Thursday, April 20, 2017

SIGNS OF SPRING

Time flies! The fifth-grader in this post - my last homeschool student - graduates from high school in three weeks!

SIGNS OF SPRING
(from March 5, 2010)

While taking the dogs for their "long" walk Sunday afternoon, we stopped at the Robin Hood Tree so that three of the kids could practice their climbing. The Robin Hood Tree is a HUGE sycamore with great spreading branches perfectly spaced for climbing halfway to heaven. While Steve and I rested in the sunshine, I noticed unopened buds at the ends of the sycamore twigs. Buds! I mentioned The Greening in an earlier blog - but there are other signs that "Aslan is on the move" and winter is finally melting into spring. At our house, I've noticed....

Egg production is up in the henhouse. Ben's hens are laying over twice as many eggs as they were laying just a month ago. Egg salad sandwiches for lunch today - yum!

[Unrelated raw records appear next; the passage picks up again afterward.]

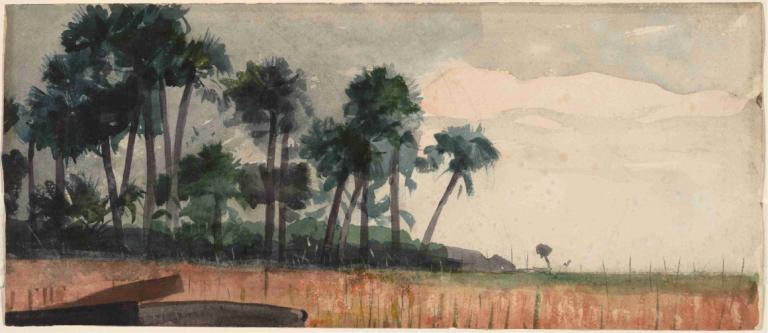 Palm Trees, Red,Пальмы, красный,Winslow Homer,Уинслоу Гомер,Картина Маслом,Картина Маслом, дерево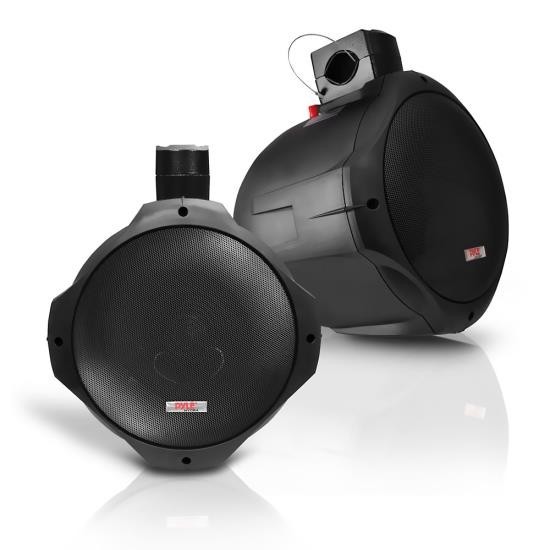 Pyle  Pair New 8'' 300 Watt Two-Way Black Wake Board Speaker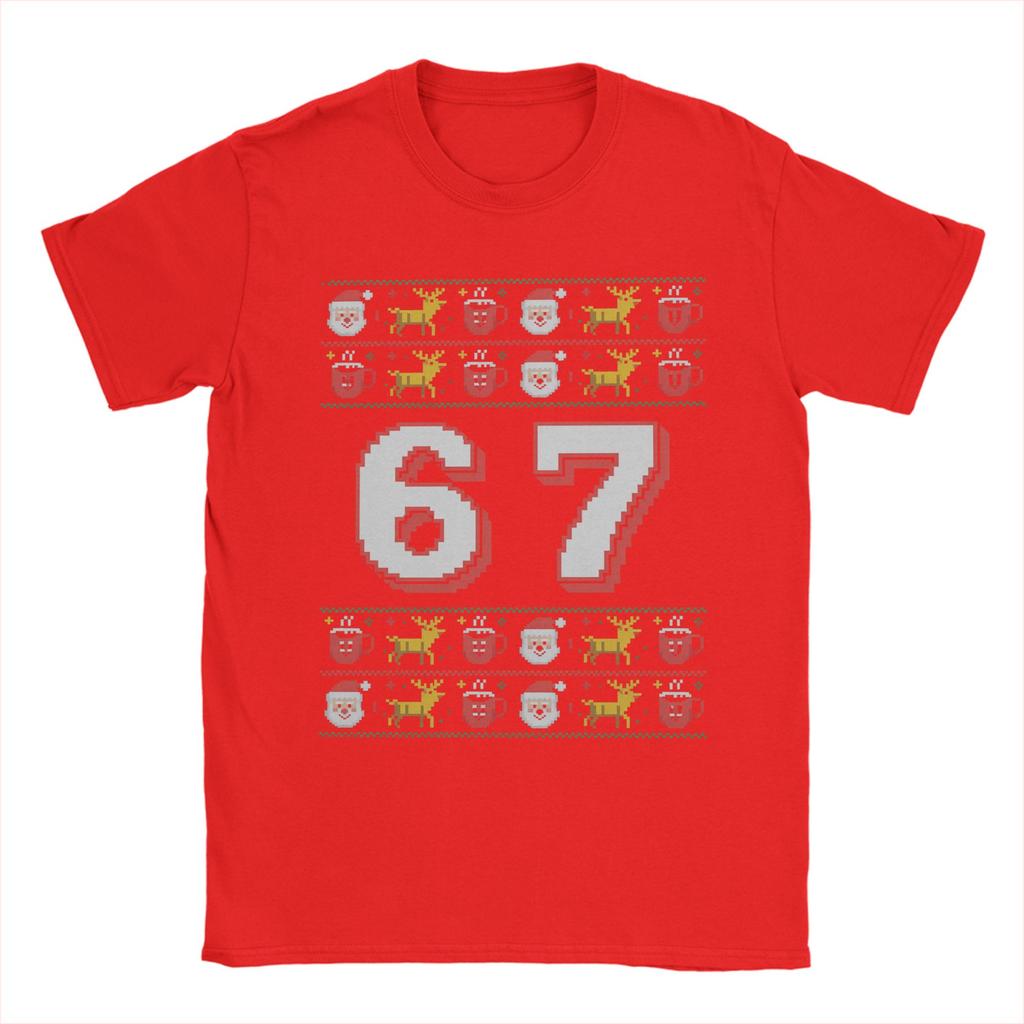 Christmas 67 Funny Xmas Six Seven Cotton T-Shirt For Men Summer  Y2K Fun T-Shirts O Neck Leisure Tees Oversized Cheap Tops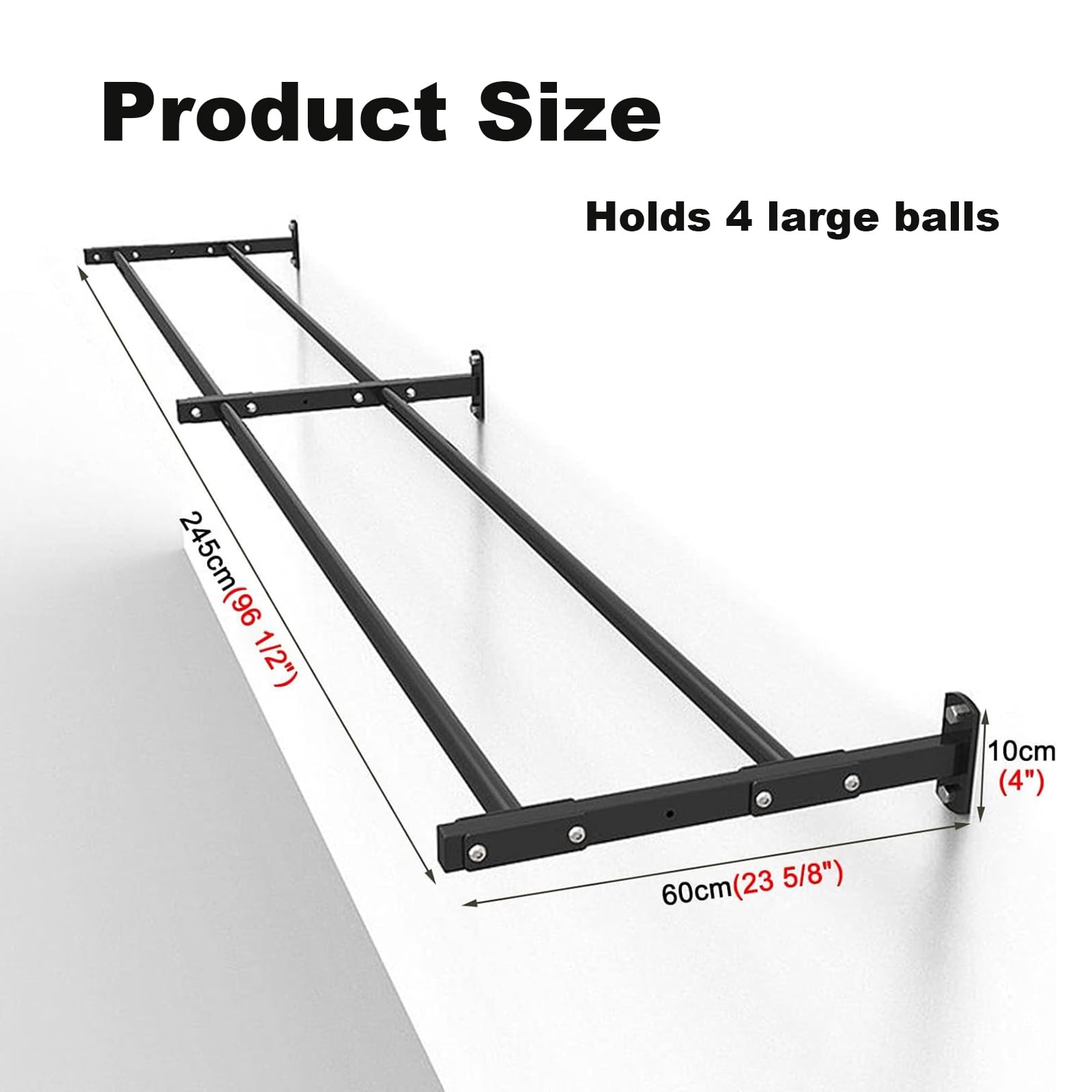 Genérico Soporte para Pelotas de Ejercicio, Soporte de Pared para Pelotas de Yoga, Soporte Expositor para Pelotas de Estabilidad con Tornillos de Montaje, para Gimnasios, Estudios y Hogares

Everything with fur is shedding. The dogs are shedding all over the house - yuck. Martha says when she brushes Little John, she has to pause often to clean wads of winter hair out of the bristles.

Green things are poking out of the ground! I've found little green bumps at the base of last summer's dead hydrangea stems, and the irises and daylilies are pushing shoots up toward the sun.

The neighbor's bull was in our field again this morning. Have you ever heard an amorous bull, stalking the neighboring bull's herd? It sounds something like the low, rolling, prolonged thunder of a lion roaring out on the savanna. Scary, really, if you didn't know what it was. That's what I woke up to this morning. In the Bible, the phrase "it was the time of year when men went to war" is used to refer to spring. On the farm, we could say, "It was the time of year when bulls jump/knock down fences."

We are counting down lessons in our school work, racing to the back cover of the book. My fifth-grader has taped a poster to the wall showing the number of math lessons left in her book, and every day she marks a square off. This is more fun than watching the ball drop on New Year's Eve!

The countdown to turkey season has also started - poor Nate, I don't think he's shot anything in over a month. Ben is working on a paper mache turkey decoy, which now occupies one corner of the living room, and various other turkey gear is beginning to appear around the house.

I'm hearing more and more talk about possible summer jobs - funny how teenagers seem to be so interested in making money.

I have a growing urge to go outside and dig in the dirt.

Flip flops in Wal-Mart!

What about you? Any signs of spring in your neck of the woods?